# [Material for this task]
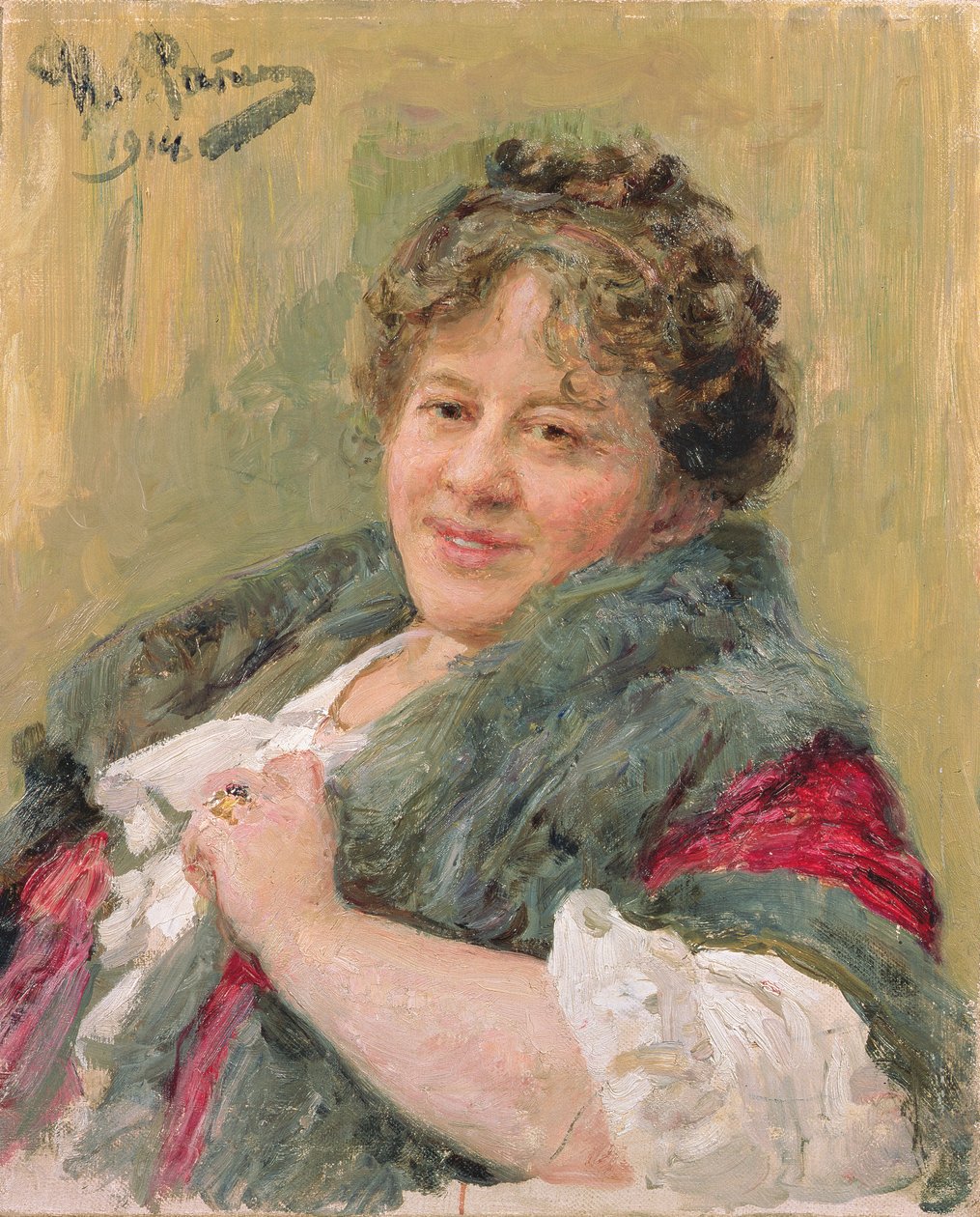 タチアナ・オルガ・シュチェプキナ・クペルニク（1874-1952）の肖像1914 作： イリヤ・エフィモヴィチ・レーピン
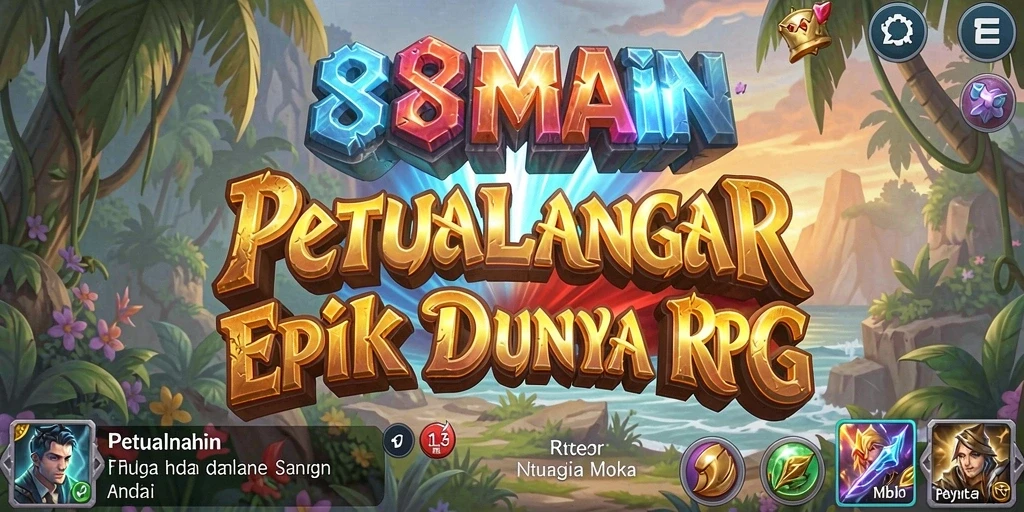 Tangkapan layar utama 88MAIN menunjukkan pertempuran mendebarkan di dunia RPG.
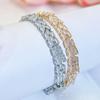 CMM Sparkling 3 Row Baguette Cubic Zirconia Silvery Golden High End Women Tennis Bracelets Bangles for OL Business Wear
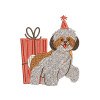 Shih Tzu Christmas Embroidery Design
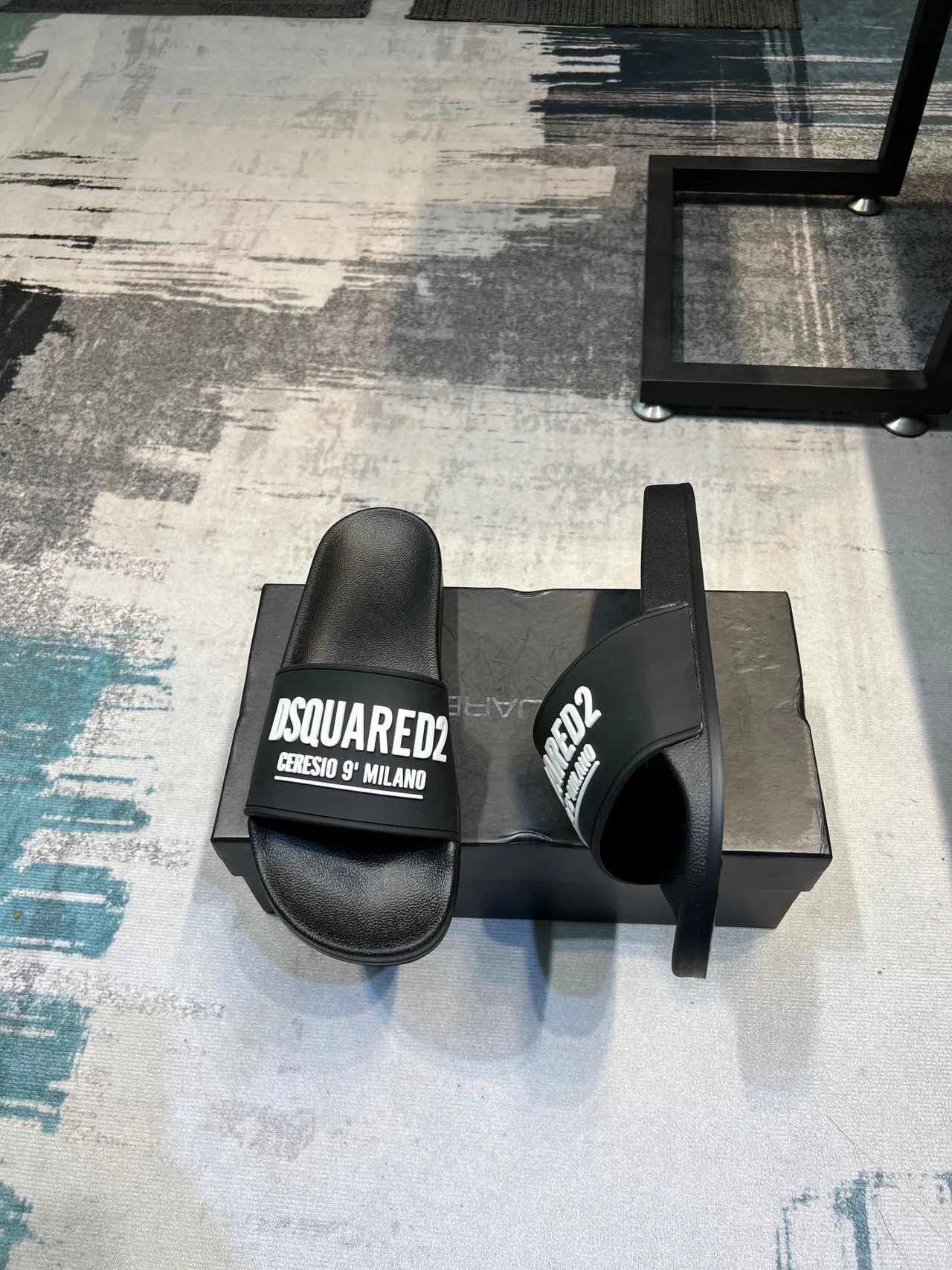 Dsquared2 ICON Black Logo Slide Slippers 4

# [Aim of the exercise]
The needed output is the lines from the one with "Tangkapan layar utama" through the end of the listing, written out exactly, both ends included, pictures excluded.

# [Answer to this problem]
 Tangkapan layar utama 88MAIN menunjukkan pertempuran mendebarkan di dunia RPG.
 CMM Sparkling 3 Row Baguette Cubic Zirconia Silvery Golden High End Women Tennis Bracelets Bangles for OL Business Wear
 Shih Tzu Christmas Embroidery Design
 Dsquared2 ICON Black Logo Slide Slippers 4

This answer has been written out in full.